The following exercises are to be performed completely PAIN-FREE. If any doubts, please consult a health professional to assess whether the exercises are appropriate for you.

Step 1: Understand this

It is important to note that just because your imaging scan results show that you have a disc bulge in your spine, does not necessarily mean that you will have lower back pain for the rest of your life.

… Disc bulges can heal!

Note:  Interestingly enough – it is possible to have a bulged disc present and have absolutely no pain at all!

Step 2: Stop All Activities That Cause Pain

stop sign

StopModify or Reduce exposure to any movement/position/activity that makes your symptoms significantly worse.

The continual exposure to aggravating activities may increase the inflammation (and irritability) of your disc bulge.

The aim is to remain as active as possible without exceeding the capacity of what the lower back can comfortably tolerate.

For example: Sitting

  • Stop: If your pain worsens as soon as you adopt the sitting position, try to completely avoid sitting altogether for now.
  • Modify: Try sitting with a different posture, use a different chair, use a lumbar support etc.
  • Reduce Exposure: Minimize the amount of sitting that you are doing.

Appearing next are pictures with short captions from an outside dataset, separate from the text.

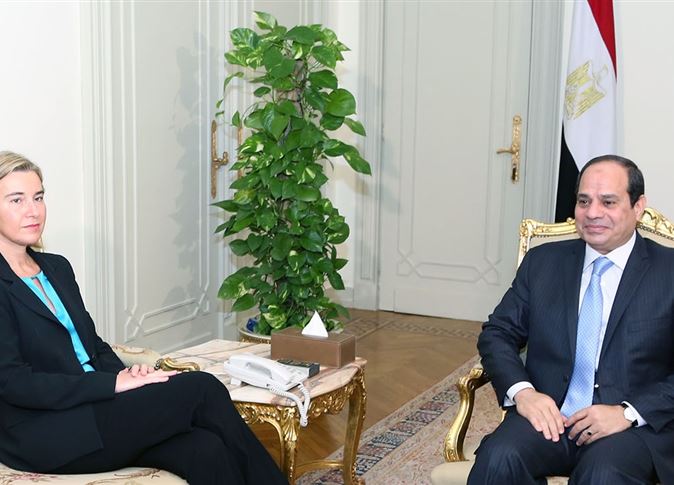 السيسي يبحث مع ممثلة السياسة الخارجية الأوروبية تعزيز العلاقات المشتركة 1 382294_0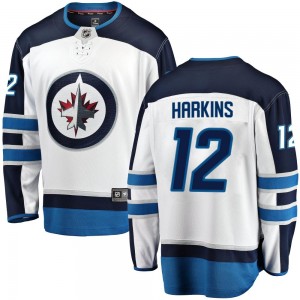 Youth Fanatics Branded Winnipeg Jets Jansen Harkins White Away Jersey - Breakaway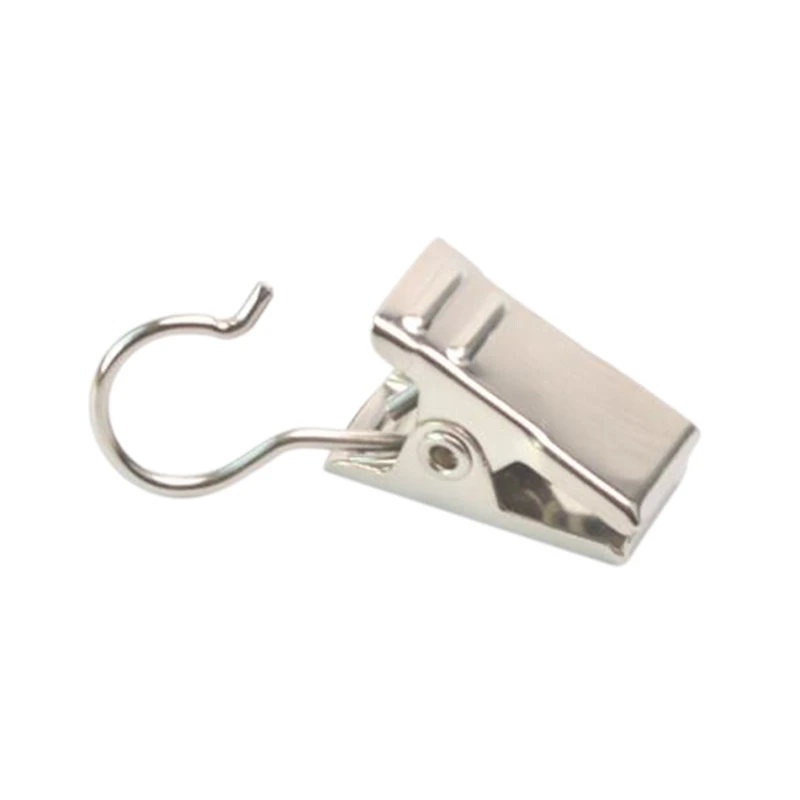 

Clip Curtain Hook Cafe Curtains Easy to Sandwich Fabrics Easy to Make Curtain 30 pieces set with your choice of cloth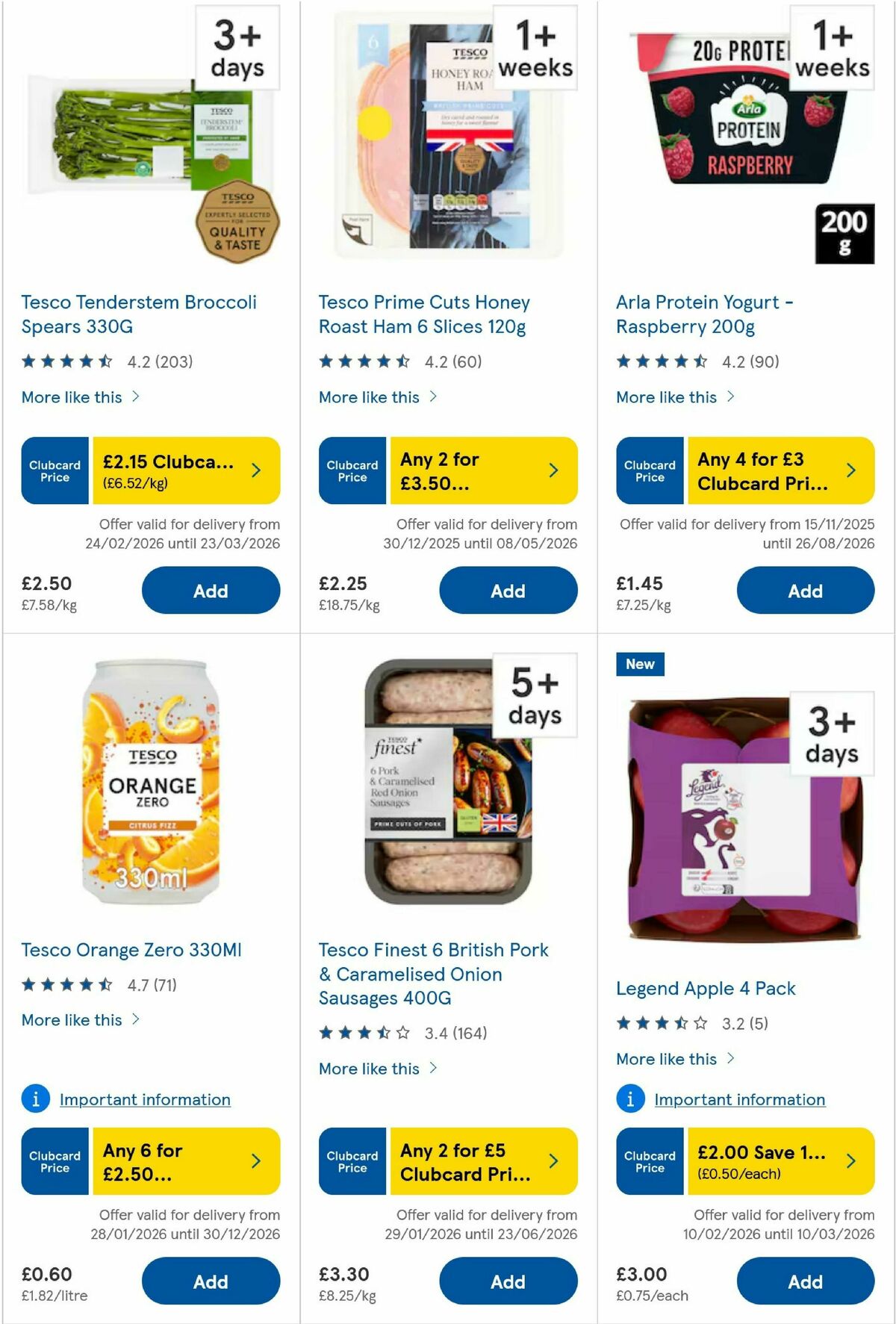 TESCO Offers from 25 February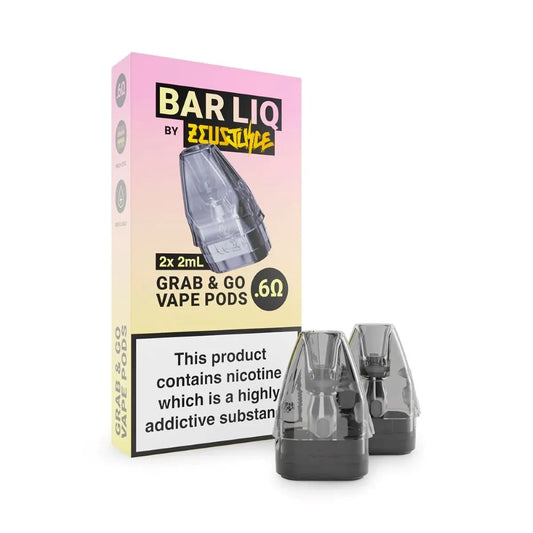 Zeus Juice Grab and Go Replacement Pods (Pack of 2)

Step 3: Reduce Inflammation

A significant amount of inflammation (… and pain!) in the lumbar spine can make it difficult to perform the suggested Bulged Disc Exercises effectively.

(Note: Please consult your medical doctor before starting any of the following:)

a) Anti-inflammatory gel

anti-inflammatory medication bulged disc

Apply an anti-inflammatory gel to the area of pain for 2-3 times per day.

b) Non-Steroidal Anti-Inflammatory Drugs (NSAIDs)

anti inflammatory 

NSAIDs help reduce inflammation in the whole body.

There are different strengths/dosages of NSAIDs and is best used if the prescribed medication is appropriate to the amount of inflammation present.

c) Cold therapy

cold therapy

Apply an ice pack to your lower back for at least 10-15 minutes, 3-5/day.

d) Natural products

Natural foods such as turmeric, curcumin, ginger, chia seeds and fish oil capsules are thought to help reduce inflammation.

e) Cortisone injection

cortisone injection for bulged disc

The cortisone injection consists of a strong anti-inflammatory steroid (cortisone) and an analgesic substance.

It is designed to reduce local inflammation around the bulged disc.

Step 4: Gentle movement exercises

The aim with these initial exercises is to move the lower back as much as you can comfortably tolerate.

a) Keep walking!

Aim to stay active and mobile as much as possible.

If you are unable to walk long distances, consider walking in a heated pool (Hydrotherapy) or walk shorter distances more frequently.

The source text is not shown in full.